* [Input]:
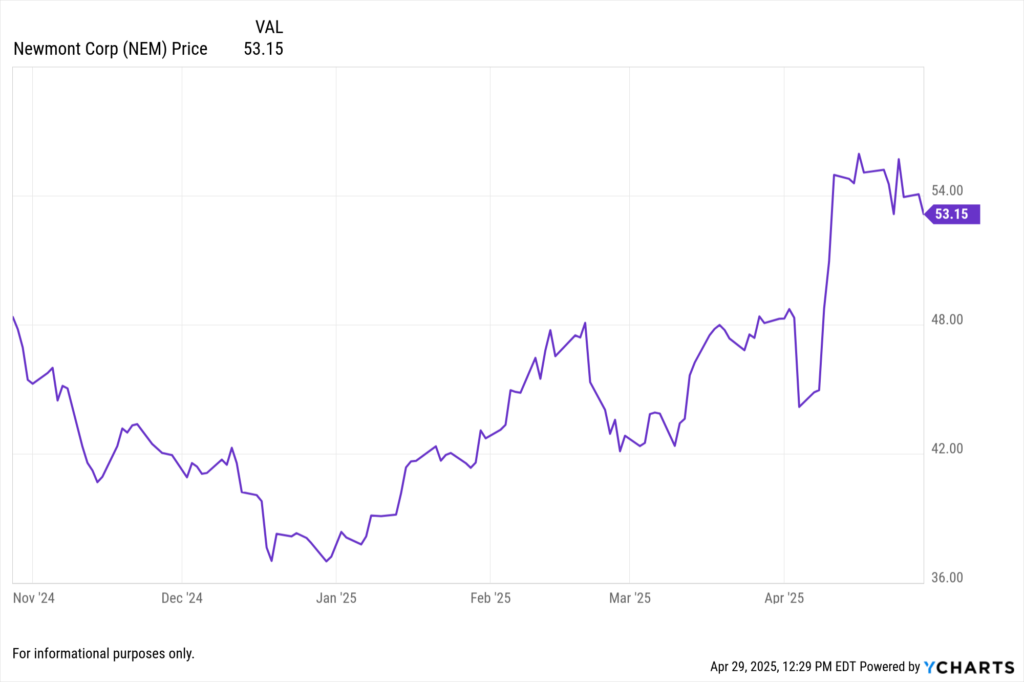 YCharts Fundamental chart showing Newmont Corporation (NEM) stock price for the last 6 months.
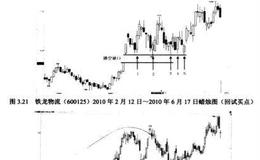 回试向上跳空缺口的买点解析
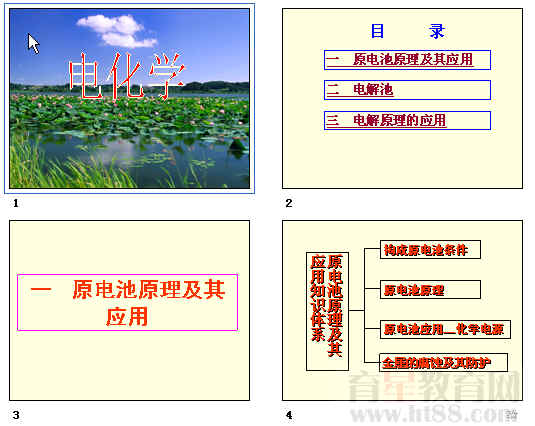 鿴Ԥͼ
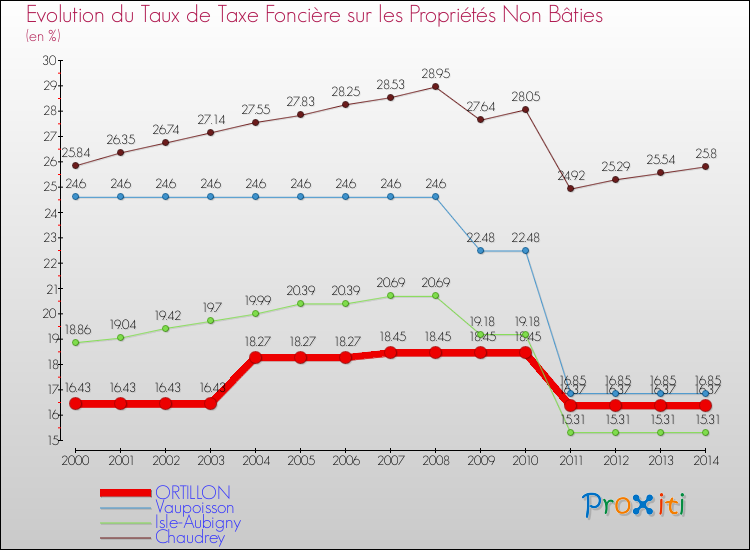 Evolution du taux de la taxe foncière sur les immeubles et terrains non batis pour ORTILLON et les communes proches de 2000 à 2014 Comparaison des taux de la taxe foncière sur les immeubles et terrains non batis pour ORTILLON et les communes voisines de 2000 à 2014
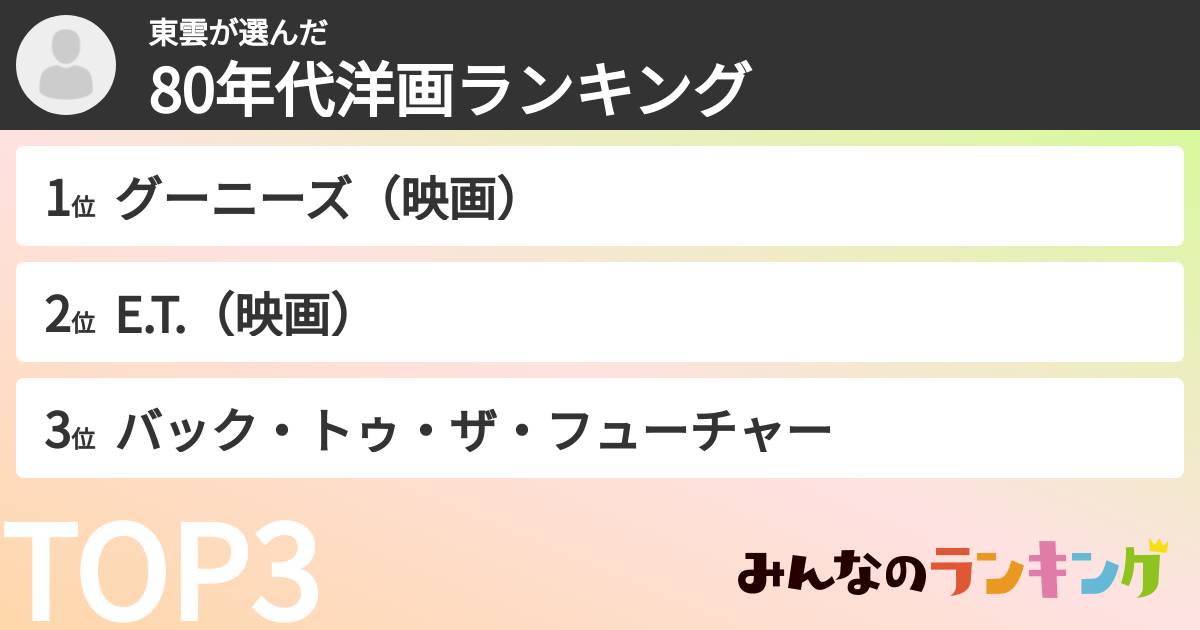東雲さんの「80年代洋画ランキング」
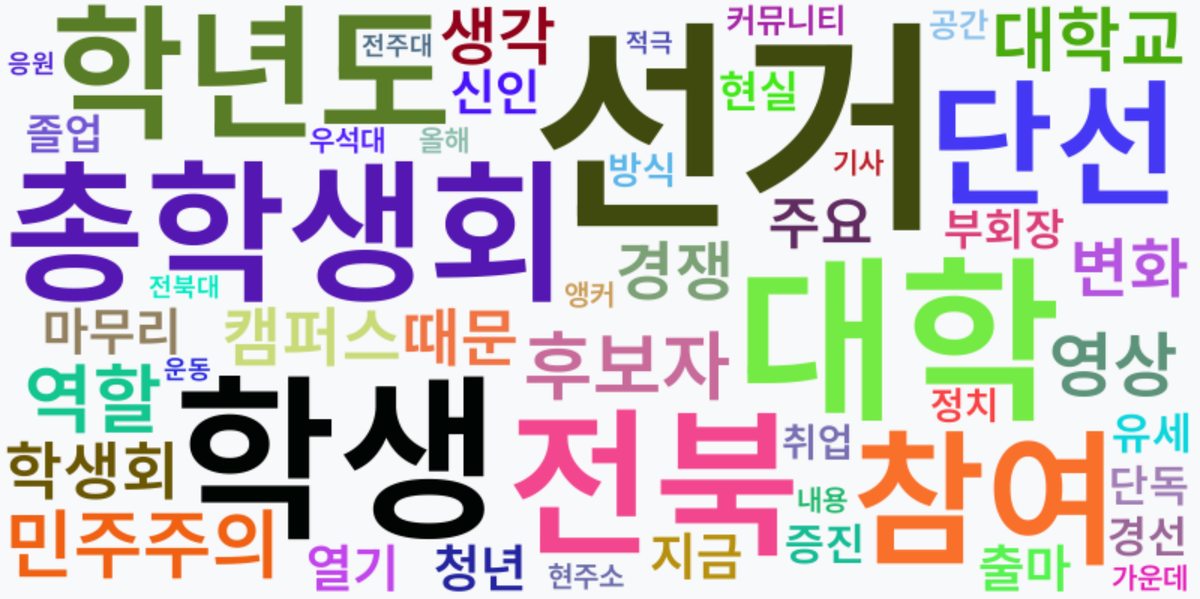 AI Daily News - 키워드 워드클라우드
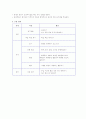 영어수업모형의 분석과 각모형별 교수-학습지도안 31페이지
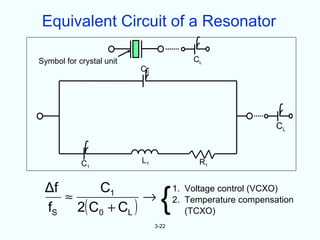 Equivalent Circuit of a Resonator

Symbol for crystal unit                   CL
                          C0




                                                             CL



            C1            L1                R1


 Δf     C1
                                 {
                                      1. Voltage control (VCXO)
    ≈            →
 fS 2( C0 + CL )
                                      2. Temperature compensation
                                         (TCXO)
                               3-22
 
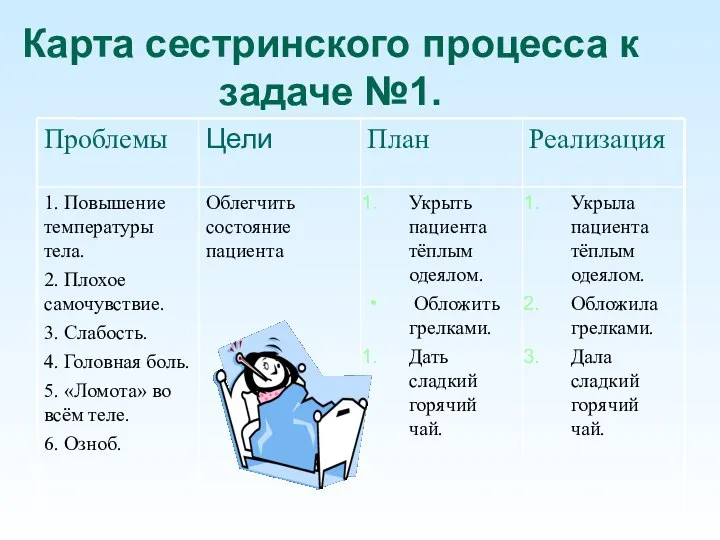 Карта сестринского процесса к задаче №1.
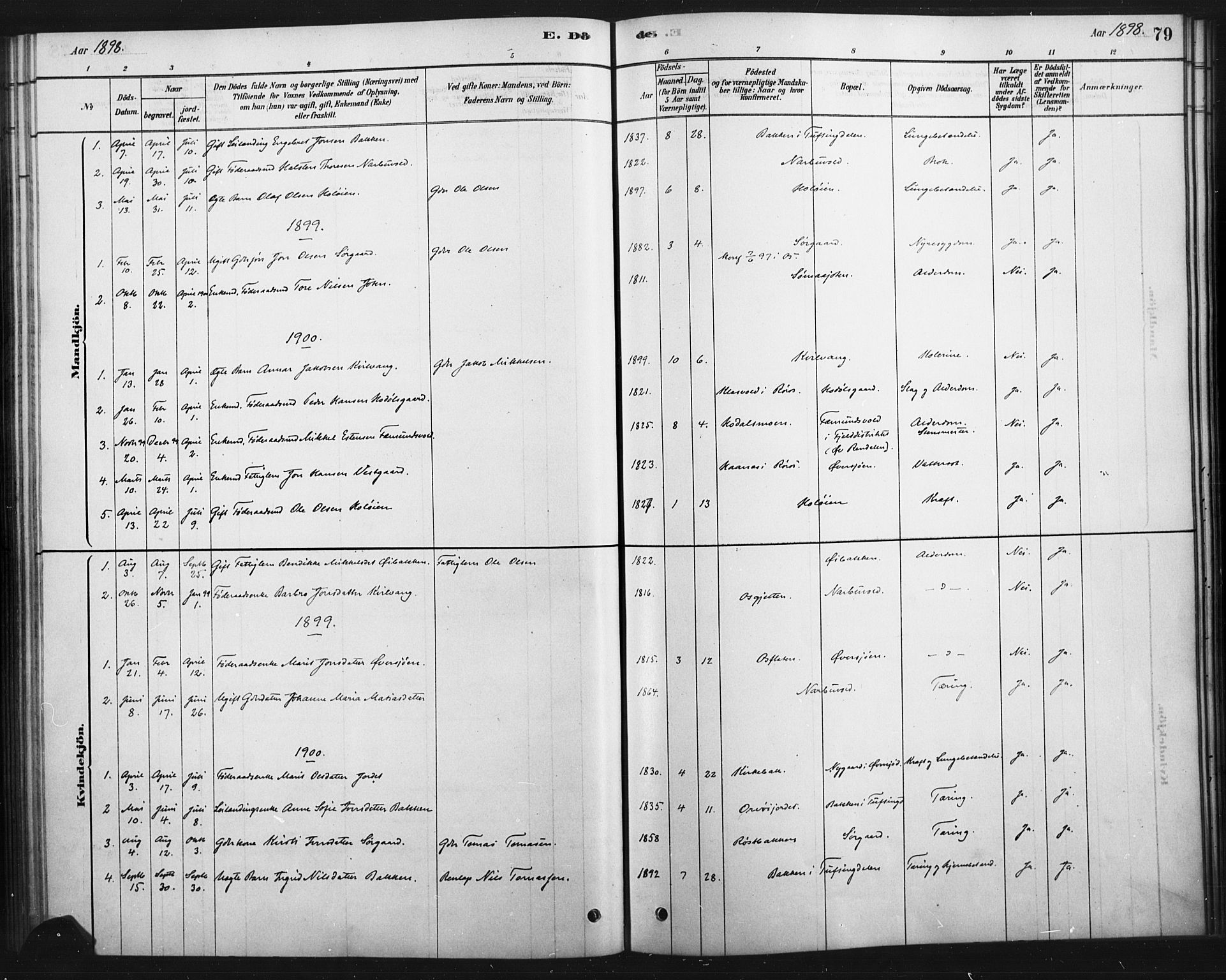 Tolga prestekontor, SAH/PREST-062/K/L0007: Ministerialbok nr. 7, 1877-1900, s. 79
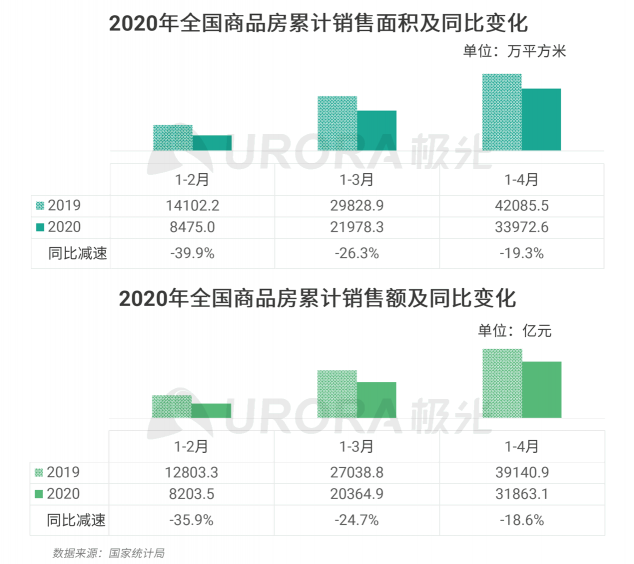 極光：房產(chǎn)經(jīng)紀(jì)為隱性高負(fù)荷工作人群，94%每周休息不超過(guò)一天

* [Exercise prompt]: Everything in the records that precede this task must be written out again exactly, except the pictures.

* [Response to this task]:
 YCharts Fundamental chart showing Newmont Corporation (NEM) stock price for the last 6 months.
 回试向上跳空缺口的买点解析
 鿴Ԥͼ
 Evolution du taux de la taxe foncière sur les immeubles et terrains non batis pour ORTILLON et les communes proches de 2000 à 2014 Comparaison des taux de la taxe foncière sur les immeubles et terrains non batis pour ORTILLON et les communes voisines de 2000 à 2014
東雲さんの「80年代洋画ランキング」
 AI Daily News - 키워드 워드클라우드
 영어수업모형의 분석과 각모형별 교수-학습지도안 31페이지
 Equivalent Circuit of a Resonator

Symbol for crystal unit                   CL
                          C0




                                                             CL



            C1            L1                R1


 Δf     C1
                                 {
                                      1. Voltage control (VCXO)
    ≈            →
 fS 2( C0 + CL )
                                      2. Temperature compensation
                                         (TCXO)
                               3-22
 
 Карта сестринского процесса к задаче №1.
 Tolga prestekontor, SAH/PREST-062/K/L0007: Ministerialbok nr. 7, 1877-1900, s. 79
 極光：房產(chǎn)經(jīng)紀(jì)為隱性高負(fù)荷工作人群，94%每周休息不超過(guò)一天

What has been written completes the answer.